SatelliteShorelines / CoastSeg

An interactive toolbox for downloading satellite imagery, applying image segmentation models, mapping shoreline positions and more. The mapping extension for CoastSat and Zoo.
https://satelliteshorelines.github.io/CoastSeg/
GNU General Public License v3.0
48 stars 10 forks source link

Feature request: merge shoreline segments into single merged shoreline #179

Closed dbuscombe-usgs closed 11 months ago

dbuscombe-usgs commented 1 year ago

Often, shorelines from different ROIs may have the same timestamp, i.e. a second shoreline extracted from an adjacent ROI image with the same timestamp.

So, we need a way to take the raw shoreline data and merged based on date. pandas/geopandas merge command seems to do this, e.g.

https://stackoverflow.com/questions/48231758/merge-pandas-dataframes-based-on-date

I think this might be best as a stand-alone script, at least initially while we test the workflow

2320sharon commented 1 year ago

I agree the fastest way to get this out would be a script. I can investigate how to do a few things

  1. How to merge the raw time-series shorelines for the csv files with all the transects
  2. How to merge the raw time-series shorelines for the csv files for each transect
  3. How to merge the geojson shorelines

    I think this issue is do-able as a V1.

2320sharon commented 1 year ago

Today I took some time to scope out this issue. Below I've outlined the prerequisites to merge ROIs, possible scenarios that could be encountered when combining roi's, as well as some questions I've come across while scoping out this issue. I've also included some demo code that introduces how we might merge the extracted shorelines together. I plan on working on this issue more during the week.

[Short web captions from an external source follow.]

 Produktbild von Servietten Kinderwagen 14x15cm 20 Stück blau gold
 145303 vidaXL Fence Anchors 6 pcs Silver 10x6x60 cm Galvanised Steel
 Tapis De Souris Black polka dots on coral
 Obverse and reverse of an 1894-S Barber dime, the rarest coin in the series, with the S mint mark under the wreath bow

Prerequisites to Merge ROIs

  1. At least two ROIs must be provided
  2. Each Roi must have both config files present
  3. A raw time series CSV must be present

    Possible Scenarios

    Each of these scenarios outline possible inputs that could influence the way the roi's are merged.

    1. Roi's have different settings in their config files.
    2. ROIs have overlapping transects
    3. ROIs have overlapping shorelines for the same date time. This would be the result of overlapping roi's.
    4. ROIs are from different sessions
    5. ROIs have the same IDs
      • if this scenario occurs I believe the merge operation should be aborted

    Files to be Merged

    1. Config JSON files
    2. Config_gdf.geojson files
    3. Raw time series CSV files
    4. Corrected time series CSV files

Questions

  1. How would we merge discontinuous shorelines together?
  1. Would we want the shoreline detection images to be copied to this new merged session? @dbuscombe-usgs
  2. If the same transect is present in multiple rois and multiple shorelines intersect the same transect for the same date time what should happen to the intersecting Shoreline points?

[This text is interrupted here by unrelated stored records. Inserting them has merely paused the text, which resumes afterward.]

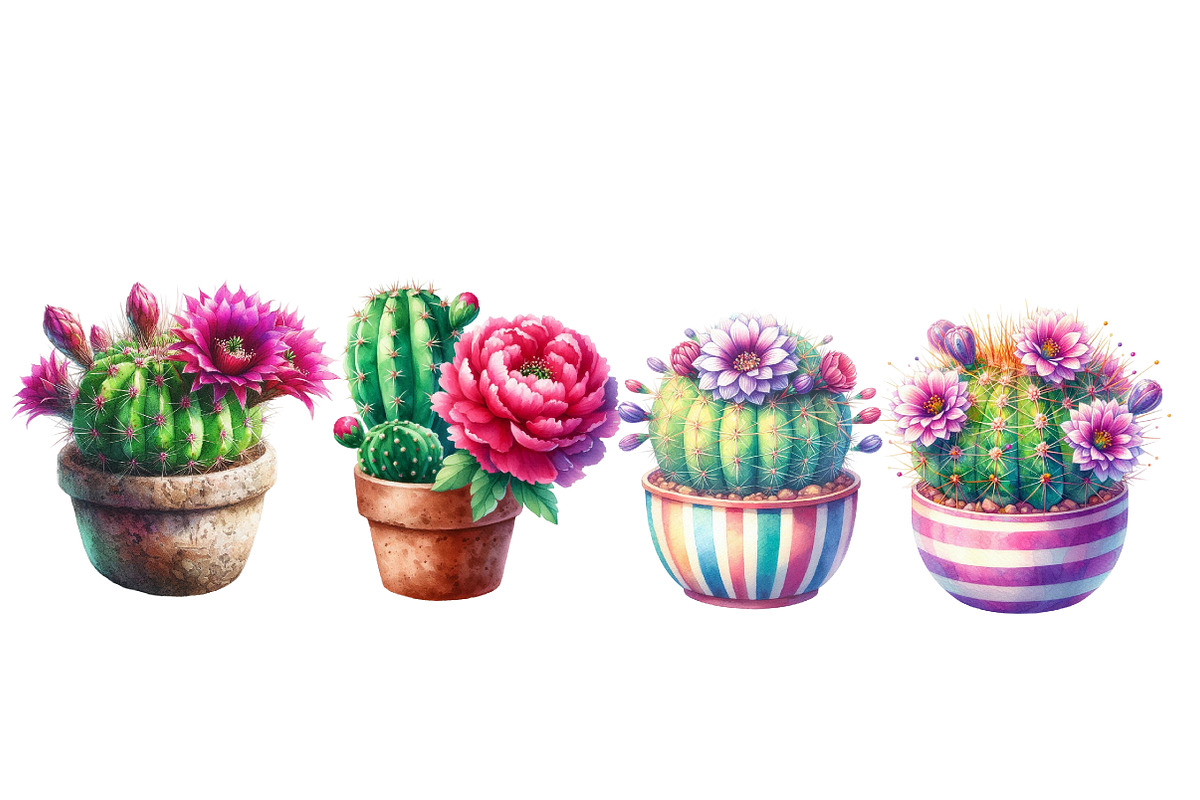 Watercolor Cactus Clipart, an Illustration by Designworld (Photo 5 of 5)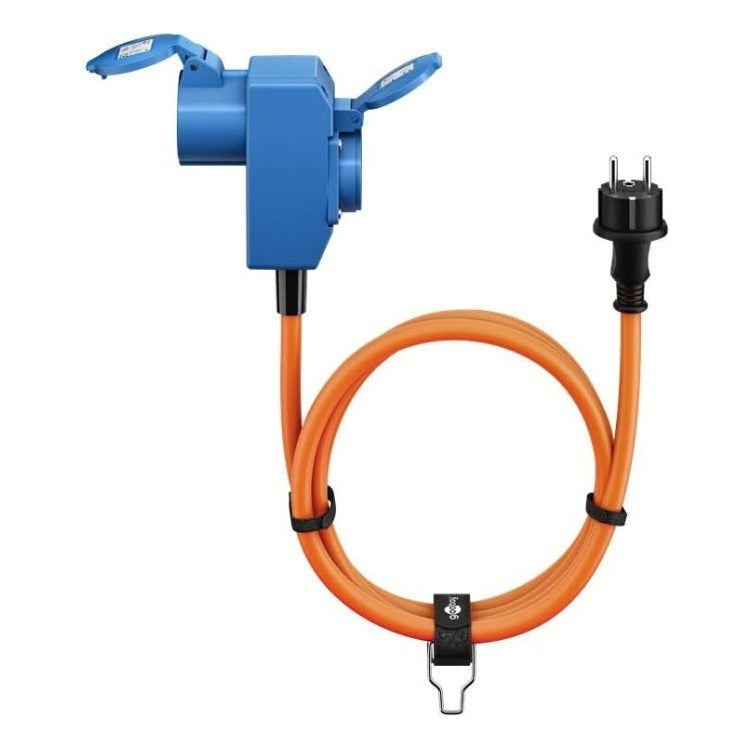 SCH-SP-CEE-1.5 1.5 meter Schuko naar CEE camping stroomkabel - Met extra stopcontact - IP44 waterdicht - 3 x 2.5 mm² koperen kern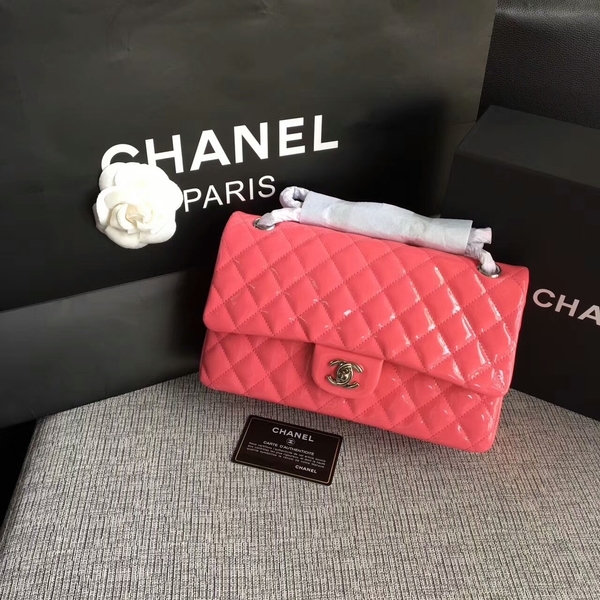 Chanel Flap Shoulder Bags Pink Original Patent Leather CF1112 Silver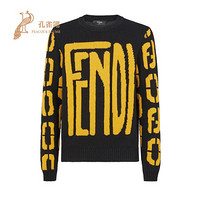 FENDI/芬迪2021新款男士时尚经典Code图案罗纹边缘羊毛毛衣 黑黄色 44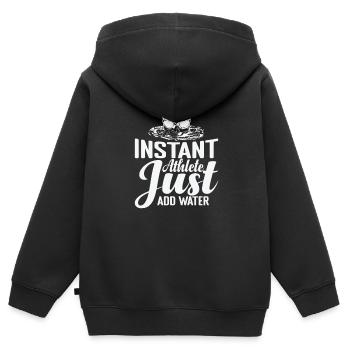 Instant Athlete Lust add Water Schwimmen Sport - Kinder Premium Organic Zip Hoodie - Schwarz - Hinten - AI Model Kid Male (0cm)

    • one idea I had was to take the average of all the intersecting points excluding any non-nan points
    • the outputs would be saved to a new CSV that would include all of the transects present across all the rois
    • from this point new extracted Shoreline vectors could be derived.

    Basic Flow

    1. Load in all ROIs
    2. Scan the raw Time series CSV files to determine if there are any shoreline points that have intersected the same transect on the same date time.
    3. Once these points are identified from step 2, these points would be averaged or some other method, so that each transect only has one intersecting Shoreline point for each exact date time.
    4. Once all the intersections that took place on the same date times are merged (step 3) then a new set of extracted shoreline geojson files can be formed
    5. Then the new config files could be saved
    6. All the new merged data would be saved to a new directory.

Sample Code

The following sample code outlines how two extracted Shoreline Geo Json files can be merged together. Please note that we might not take this approach as we are still brainstorming possible solutions.

import geopandas as gpd
import pandas as pd
import os

# Load the GeoJSON files into GeoDataFrames
sessions_directory = r'C:\development\doodleverse\coastseg\CoastSeg\sessions'
session_directory = 'ID_lty16_lty13_extract_shorelines'
ROI_directory = 'ID_lty13_datetime10-10-23__09_39_43'
filename = 'extracted_shorelines_lines.geojson'
# load ROI file 1
gdf_file= os.path.join(sessions_directory,session_directory,ROI_directory,filename)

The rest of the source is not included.